Viralukketha Veekkam () is a 1999 Indian Tamil-language comedy drama film directed by V. Sekhar. The film stars Livingston, Vadivelu, Vivek, Khushbu, Kovai Sarala and Kanaka. It was released on 16 July 1999 and became successful at the box-office. The film was remade into Telugu as Kshemamga Velli Labhamga Randi (2000), into Kannada as Yaarige Saluthe Sambala (2000) and into Hindi as Aamdani Atthanni Kharcha Rupaiya (2001).

Plot 
Ravishankar, Kabali and Ramanathan are a trio of friends who happen to live in a small colony with their wives Suguna, Ranjitham and Malu. The men work in the same factory and their wives happen to share a good rapport among themselves.
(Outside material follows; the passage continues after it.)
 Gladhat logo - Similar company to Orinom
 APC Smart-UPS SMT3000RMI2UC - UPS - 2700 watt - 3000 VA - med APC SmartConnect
The men are quite irresponsible and carefree by nature and spend heftily on alcohol and other less important means of entertainment and owing to this, their wives have an uphill task at their hands every month to make ends meet.

When the men lose their jobs owing to a tiff with their boss and their families having to face the brunt of the loan sharks, the women of the families resort to work in a garment factory to make ends meet. This hurts the ego of the men and their chauvinistic nature brings an all-out divide between themselves and their wives, who are morally right in this situation.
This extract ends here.